No es necesario ir tan atrás en el tiempo, con Platón y Aristóteles, para darnos cuenta que la vida en sociedad demanda un aprendizaje que no es parte de nuestra herencia genética.
Ser ciudadano es una de las conquistas culturales más avanzadas de la especie humana, nos aleja de la lucha salvaje por la alimentación, la reproducción o la seguridad contra otros miembros de la comunidad.
Y esa ciudadanía en la plenitud que permite la democracia también nos substrae del miedo al tirano y nos responsabiliza en el cumplimiento de nuestros deberes y la defensa de los derechos de todos los que componen la sociedad en particular y la humanidad como espacio general.
Es razonable esperar que el civismo tenga en el hogar su primer aprendizaje, pero es en la escuela donde su enseñanza se debe formalizar y sistematizar para garantizar futuros ciudadanos acoplados a una vida en torno al bien común.
El Estado de derecho articulado en la Constitución, y las leyes subalternas a la misma, es cuestión obligada de aprendizaje para todo niño y joven en el proceso escolar.
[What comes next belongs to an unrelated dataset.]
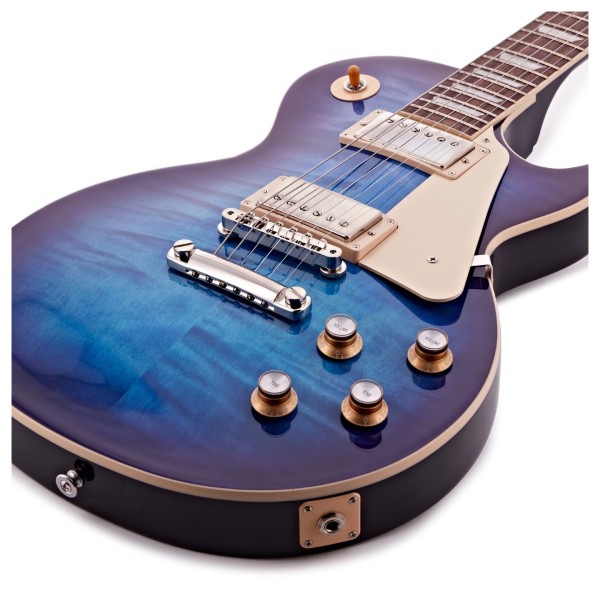Gibson Les Paul Standard 60s Figured Top, Blueberry Burst #226650301 - body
De igual relevancia debe estimularse el cultivo del criterio ético a la hora de enfrentar los dilemas sociales y personales no sancionados legalmente.
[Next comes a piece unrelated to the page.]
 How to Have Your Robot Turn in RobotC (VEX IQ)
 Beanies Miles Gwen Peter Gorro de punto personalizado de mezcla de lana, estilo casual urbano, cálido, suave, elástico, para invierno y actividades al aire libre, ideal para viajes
Si la educación cívica ha tenido éxito se demostrará en la práctica de vida de los egresados de las escuelas y universidades.
Su sentido fraterno frente a los más empobrecidos como consecuencia de las desigualdades socio-económicas, la entereza en el cumplimiento de las leyes sin importar si le beneficia o perjudica, el respeto a los compromisos familiares, laborales o sociales que asuma, la veracidad en sus testimonios y la coherencia en su conducta privada, familiar y pública.
Evaluar ese conjunto de prácticas es lo que nos permitirá considerar como pertinentes y efectivas las lecciones de civismo aprendidas en el hogar y la escuela.